What is misinformation/disinformation?
Giving, either deliberately or not, the wrong information. Creates confusion and division. Usually given on a large scale by influence campaigns, nation-state actors, and advertising on social media to sway public opinion.
What are the five steps of the Misinformation Process?
1) Create fake users
2) Create content on the fake user account
3) Content is liked and shared
4) Real users share the message
5) Mass media picks up the story
What is brand impersonation?
Attackers pretending to be a well known brand in order to fool people into visiting their fake site and download malware and exfiltrate your information.

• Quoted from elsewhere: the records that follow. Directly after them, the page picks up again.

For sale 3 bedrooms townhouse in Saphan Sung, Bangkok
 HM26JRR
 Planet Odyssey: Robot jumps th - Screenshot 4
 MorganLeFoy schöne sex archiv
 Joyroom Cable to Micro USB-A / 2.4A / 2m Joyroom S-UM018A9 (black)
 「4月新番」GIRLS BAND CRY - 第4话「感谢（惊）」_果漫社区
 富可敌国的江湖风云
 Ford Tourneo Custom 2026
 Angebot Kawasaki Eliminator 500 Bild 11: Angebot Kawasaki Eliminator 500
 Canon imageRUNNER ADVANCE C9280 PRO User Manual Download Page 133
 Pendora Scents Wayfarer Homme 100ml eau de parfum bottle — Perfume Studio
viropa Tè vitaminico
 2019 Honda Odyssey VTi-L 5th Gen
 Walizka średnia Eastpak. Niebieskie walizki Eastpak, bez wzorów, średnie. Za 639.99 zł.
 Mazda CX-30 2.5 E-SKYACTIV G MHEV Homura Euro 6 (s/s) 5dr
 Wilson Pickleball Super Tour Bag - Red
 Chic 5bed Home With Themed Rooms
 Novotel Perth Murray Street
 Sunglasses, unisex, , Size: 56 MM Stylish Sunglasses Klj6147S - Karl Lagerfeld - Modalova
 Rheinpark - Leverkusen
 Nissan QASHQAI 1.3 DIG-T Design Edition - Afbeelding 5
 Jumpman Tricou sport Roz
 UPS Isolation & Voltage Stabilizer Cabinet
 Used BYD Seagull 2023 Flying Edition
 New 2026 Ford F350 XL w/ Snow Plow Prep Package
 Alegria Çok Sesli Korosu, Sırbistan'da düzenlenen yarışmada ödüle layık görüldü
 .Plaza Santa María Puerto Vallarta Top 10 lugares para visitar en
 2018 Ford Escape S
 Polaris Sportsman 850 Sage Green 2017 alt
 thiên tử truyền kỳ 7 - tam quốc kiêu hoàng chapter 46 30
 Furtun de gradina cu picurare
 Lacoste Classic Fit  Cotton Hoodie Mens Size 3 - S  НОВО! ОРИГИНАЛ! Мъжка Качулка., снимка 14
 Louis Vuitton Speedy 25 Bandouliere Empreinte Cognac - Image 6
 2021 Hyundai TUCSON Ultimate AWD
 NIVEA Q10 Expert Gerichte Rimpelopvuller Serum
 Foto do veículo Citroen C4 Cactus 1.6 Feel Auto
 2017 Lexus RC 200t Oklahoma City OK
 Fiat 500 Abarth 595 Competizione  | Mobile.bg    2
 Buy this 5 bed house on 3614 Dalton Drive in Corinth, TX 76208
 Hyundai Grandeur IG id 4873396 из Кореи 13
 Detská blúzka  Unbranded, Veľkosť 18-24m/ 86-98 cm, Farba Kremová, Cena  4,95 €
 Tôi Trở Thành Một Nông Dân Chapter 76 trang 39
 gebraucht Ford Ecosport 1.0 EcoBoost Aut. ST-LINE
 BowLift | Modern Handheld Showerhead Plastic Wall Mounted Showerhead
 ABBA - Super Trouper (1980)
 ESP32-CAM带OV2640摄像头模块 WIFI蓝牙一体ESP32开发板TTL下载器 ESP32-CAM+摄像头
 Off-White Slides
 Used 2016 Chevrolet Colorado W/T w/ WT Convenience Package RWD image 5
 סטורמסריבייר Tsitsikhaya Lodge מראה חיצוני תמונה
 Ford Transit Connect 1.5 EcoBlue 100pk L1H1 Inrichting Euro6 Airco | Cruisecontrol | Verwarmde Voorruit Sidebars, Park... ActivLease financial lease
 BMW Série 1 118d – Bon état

Briefly explain memory injection.
All software runs in memory. Nothing runs on your computer unless it is run through memory and processed on a CPU. By this logic, malware also runs in memory, and has two options to run once it’s inside your PC. It can either run its own processes, or inject itself into a legitimate already running process on your PC. The process of a malware script being inserted into the existing process of other software is called Memory Injection.
What is DLL injection?
Dynamic-Link Library Injection. A type of executable on your system that many different processes and applications use. An attacker can insert his malicious DLL into the legitimate DLL by making a path from a storage device to the legitimate DLL and make it part of the process.
What is DLL?
Ask AI
What is a buffer overflow?
Where an attacker can write more than what’s expected into a particular area of memory and that additional information that they’re writing overflows into another area of memory. It’s a difficult attack to perform, because additional information written onto an application often causes a system to crash.
What is bound checking?
An application developer ensuring that only 8 bytes of data are being written at a time into memory to prevent possible buffer overflow attacks.
What is a race condition?
Where two events happen at nearly the same time with an application, and the application doesn’t take into account that the two events are happening simultaneously.
What is a TOCTOU attack?
Time-of-check to time-of-use attack. An application checks a system to retrieve information that may be stored. After it retrieves that information, it performs a particular function with a particular value. But sometimes something else happens between the time the application checks the system for the value, and the application actually using the value.